Michael Gottfried & Jennifer Graves
B.E. Journal of Economic Analysis & Policy, forthcoming

Abstract:
The existence of gender peer effects has been well-documented, yet regarding estimates that are best-suited for policy formation, the literature finds somewhat mixed results. This article builds on the gender peer effects literature in a number of ways. First, we focus on early elementary school students, for which fewer studies exist. We also test whether effects in early elementary grades are subject-specific. Contrary to findings for older grade levels, we find that estimates by gender are subject-specific for the early elementary grades. Second, previous studies using similar estimation have focused on very different geographical areas, while this study makes use of nationally representative elementary school data for the United States. Third, we explore whether effects vary across grades, for which the existing literature finds mixed results.
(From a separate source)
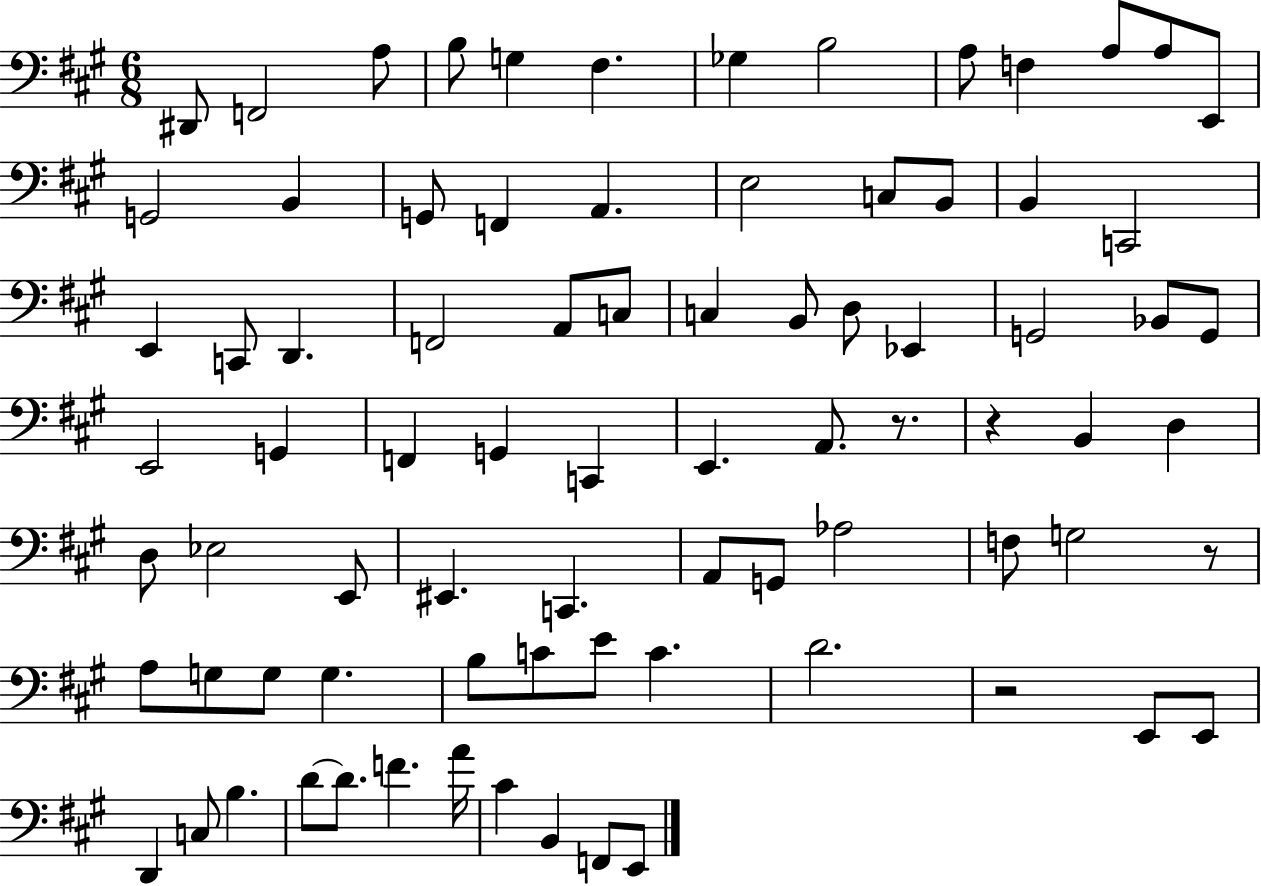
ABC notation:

We find that the negative subject-specific effects of having a higher proportion of boys in the classroom increases in magnitude across grades, with insignificant effects in kindergarten, negative and significant by first grade, and larger negative and significant effects by third grade. Our findings suggest that a more balanced gender mix in the classroom is optimal for both reading and math comprehension for both boys and girls. However, regarding math performance, there is also suggestive evidence that a 100% separation of genders could improve girls’ math performance without consequences for boys’ math performance, motivating further research into single-gender subject-specific instruction.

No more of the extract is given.